Most of us drive cars that are less fuel efficient than a Prius, but this is likely to change over the next decade as the new Corporate Average Fuel Economy (CAFE) standards are phased in. Regulators project that these new standards will increase the average fuel economy of new vehicles to 39 miles per gallon (MPG) by 2025, compared to 26 MPG in 2010. A new Prius C is rated at 46 MPG on the highway.

While the Clean Power Plan has been getting a lot of attention this past week, the new CAFE standards are another major component of the Obama Administration’s climate action plan. Increased vehicle fuel efficiency could account for nearly the same reductions in GHG emissions as the Clean Power Plan.

There is a lot of guesswork involved in coming up with the projected reductions in GHG’s achieved by the new CAFE regulations.
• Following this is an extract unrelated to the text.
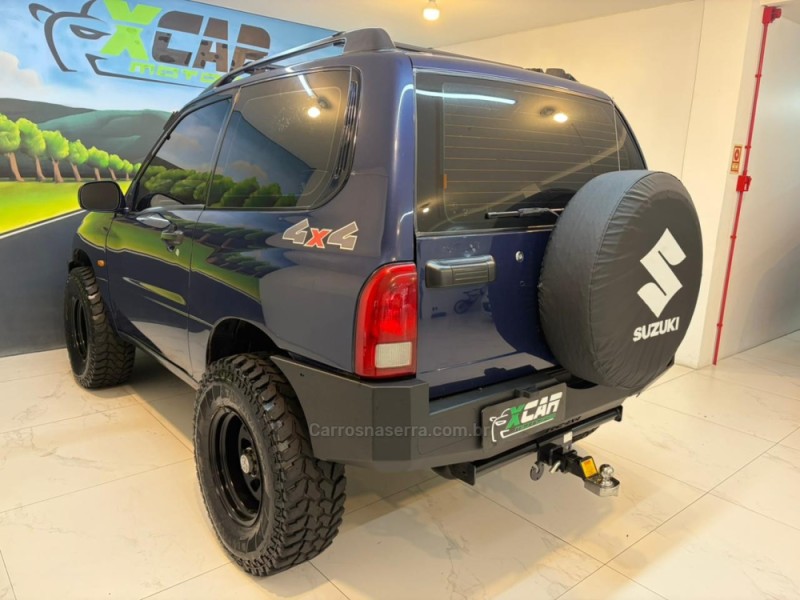 GRAND VITARA 1.6 4X4 16V GASOLINA 2P MANUAL - 2001 - BENTO GONçALVES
Some of it involves estimating how much people will drive as they buy more fuel-efficient vehicles.

One factor is what’s known at the “rebound effect”: as cars get more fuel efficient, the price of driving a mile goes down. Economists project that a price reduction will lead people to consume more, which in this context means they will drive their fuel-efficient cars more. Regulators estimate that they will drive about 10% more.

I’m not sure this effect would hold in my family, though.

We rented a Prius one summer vacation in Maine. The back roads of Maine can be fun to drive, as they are built over the landscape and not through it, so they twist and turn over the rocky countryside. There’s an aptly named “thrill hill” near our vacation spot that leaves your stomach in your mouth better than most roller coasters.

A Prius in Maine?
A Prius in Maine?

My husband – who prides himself on being an “aggressive” driver – taught my kids some new adjectives to modify “engine” the summer we had the Prius. One was “lawn-mower” and the rest aren’t printable. Uncharacteristically in our family, he let me drive for some of the longer trips.

“Prius” has now become synonymous with “wimpy” in my household, as in, “Mom, why didn’t you pull out in front of that car? It’s a Prius.”

It’s not as though my husband goes out joyriding, but I would guess that if a Prius magically showed up to replace his higher horsepower car, there would be a couple instances each month where he would opt to carpool or ride his bike to work where he wouldn’t have otherwise.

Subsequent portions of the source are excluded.